Another significant milestone in Mnangagwa’s reform programme concerns land ownership, which marks a departure from his predecessor’s anti-white stance. Unlike Mugabe, who evicted white farmers and limited their land leases to five years, Mnangagwa publicly declared that white commercial farmers are now free to apply for land, extending 99-year leases to all farmers – independent of their skin colour – and compensating white farmers.
However, these positive developments are at risk of being undermined by opposition forces, who announced a two-day general strike in late July. The Zimbabwe Congress of Trade Unions (ZCTU), which is widely seen as an extension of the opposition MDC, called on workers to mobilise for a mass “stay away” to protest against the “deteriorating economic situation.”

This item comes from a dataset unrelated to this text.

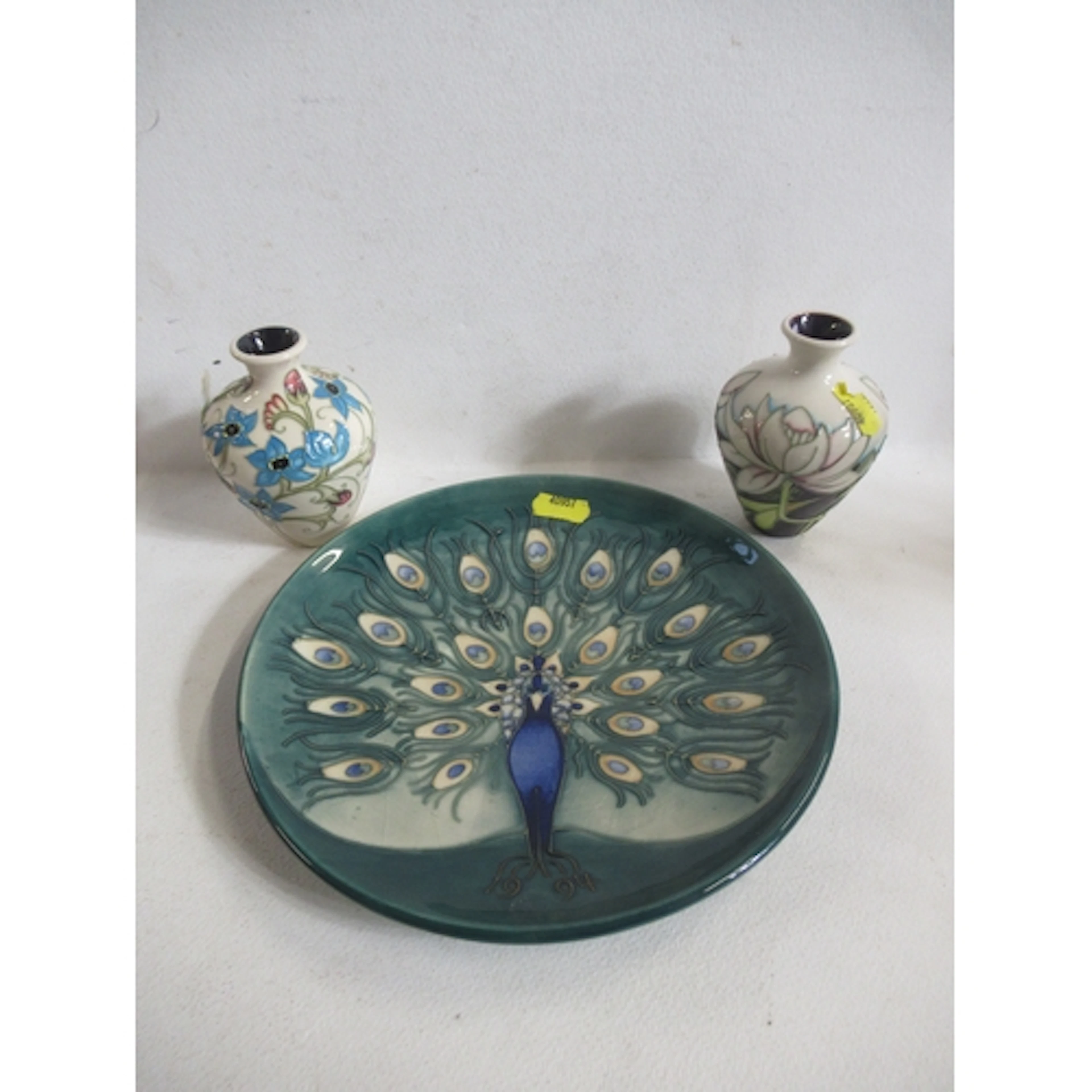 A Moorcroft pottery plate, decorated with a peacock, diamete...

As a union representing workers with divergent political views, the ZCTU is supposed to be apolitical. However, the ZCTU has unilaterally decided to align itself with the MDC, and in tandem, they organised demonstrations that had little to do with the welfare of workers but rather with the objective of overthrowing the democratically elected government.

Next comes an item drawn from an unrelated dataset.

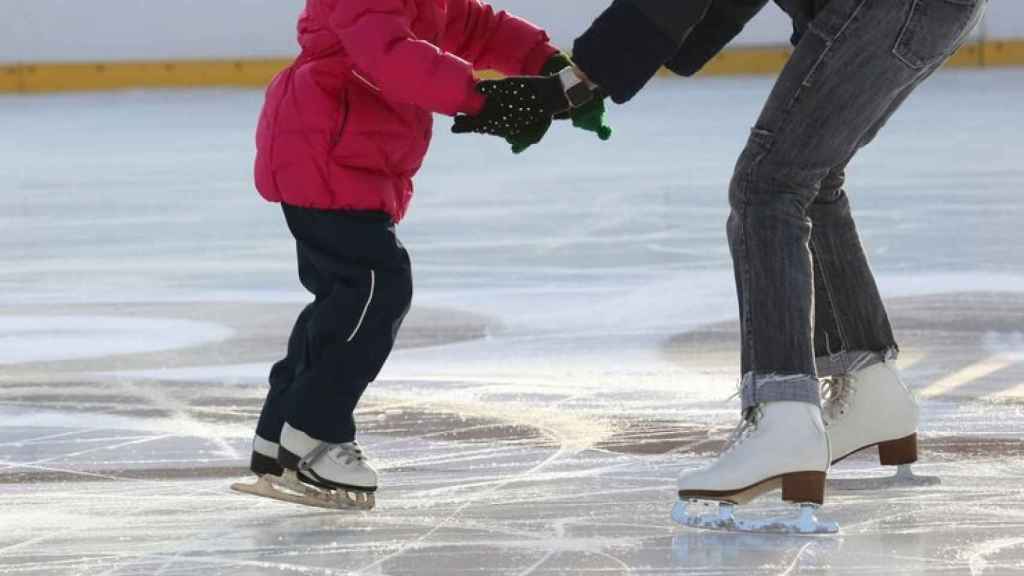 Imagen archivo de una niña y una madre en una pista de hielo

The protest dates have been strategically chosen to take place during key moments for Zimbabwe on the world stage. The first coincided with Mnangagwa’s election victory in August 2018, while another occurred in January this year when Mnangagwa was on a five-nation tour, including a high-profile visit to the World Economic Forum in Davos. The next protests are expected to be held around yet another major international event: the UN General Assembly in New York in September, which Mnangagwa plans to attend.
Investigating previous protests, an international commission of inquiry, chaired by former President of South Africa Kgalema Motlanthe, concluded that “the protests were pre-planned and well-organised as shown, for example, by the evidence of the pre-election speeches of the MDC Alliance leaders and the evidence of all of the events that took place on the 1st of August 2018 including the fact that groups arrived with an assortment of objects such as containers of stones, bricks, logs, and posters, which they used in their demonstrations.”
Highlighting the violent nature of the protests, which caused extensive damage to property, the commission found that “the rioters were forcing ordinary people who were conducting their day to day business to join the riots” and “injury had been incited, pre-planned and well organised by the MDC Alliance.” In early July, a senior MDC official declared that his party would “overthrow” President Mnangagwa before his term expires in 2023.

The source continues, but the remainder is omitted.